— Task objective —
From the records that follow, return exactly the lines beginning at the one that contains "Δύο άτομα φορούν" and ending at the one that contains "A slice of peanut", pictures left out.
[Supplied material — start]
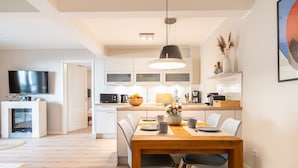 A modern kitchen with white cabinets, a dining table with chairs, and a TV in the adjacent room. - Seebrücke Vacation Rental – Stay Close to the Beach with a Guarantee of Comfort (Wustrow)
[Supplied material — finish]
[Supplied material — start]
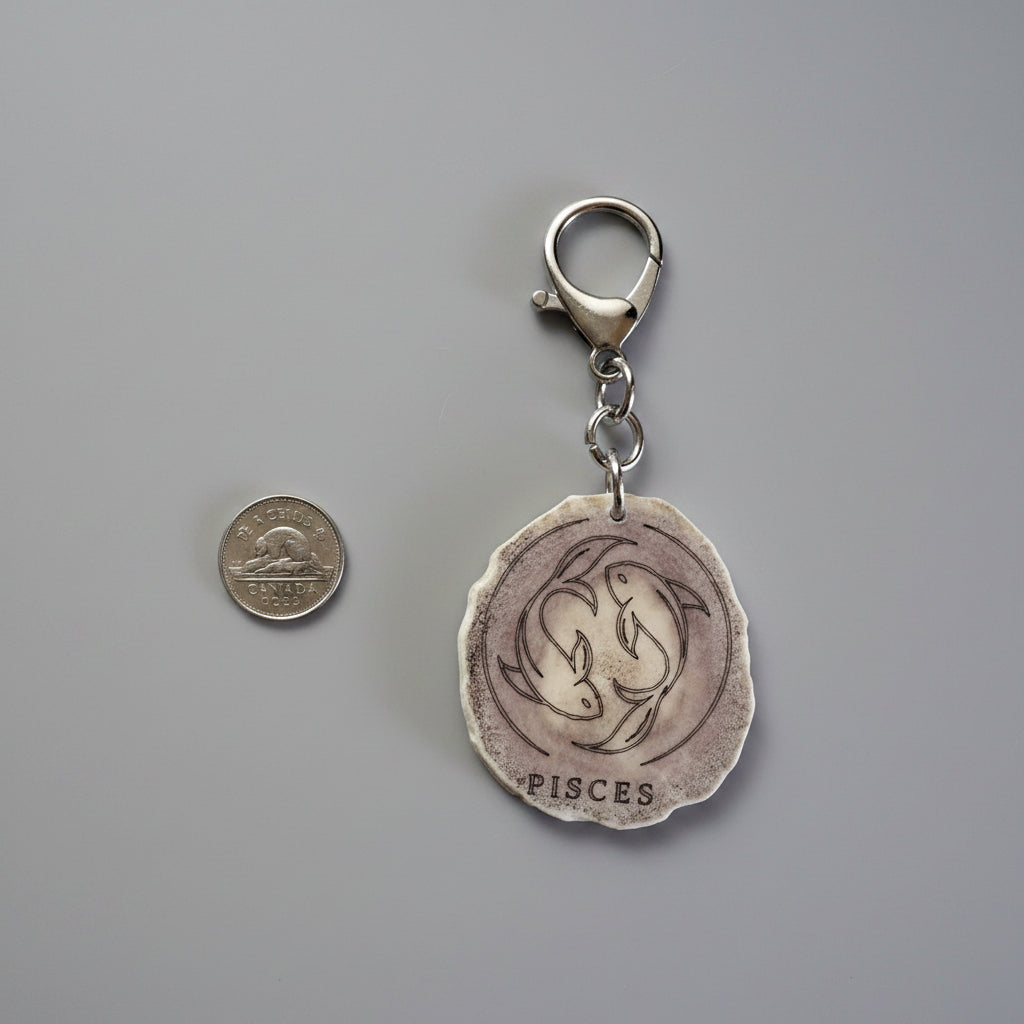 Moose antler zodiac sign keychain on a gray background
[Supplied material — finish]
[Supplied material — start]
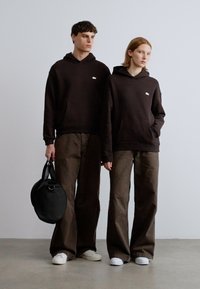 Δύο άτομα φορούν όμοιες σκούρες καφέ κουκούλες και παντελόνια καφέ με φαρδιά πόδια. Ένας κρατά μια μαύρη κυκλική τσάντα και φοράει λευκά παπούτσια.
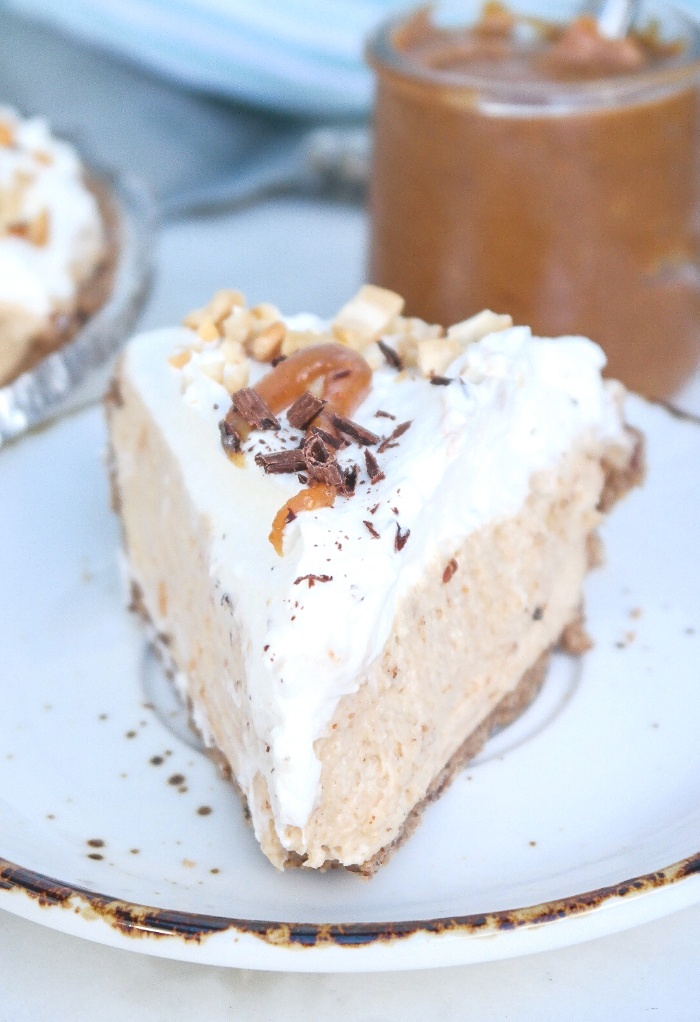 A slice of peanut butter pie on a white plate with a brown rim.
[Supplied material — finish]
— Task solution —
 Δύο άτομα φορούν όμοιες σκούρες καφέ κουκούλες και παντελόνια καφέ με φαρδιά πόδια. Ένας κρατά μια μαύρη κυκλική τσάντα και φοράει λευκά παπούτσια.
 A slice of peanut butter pie on a white plate with a brown rim.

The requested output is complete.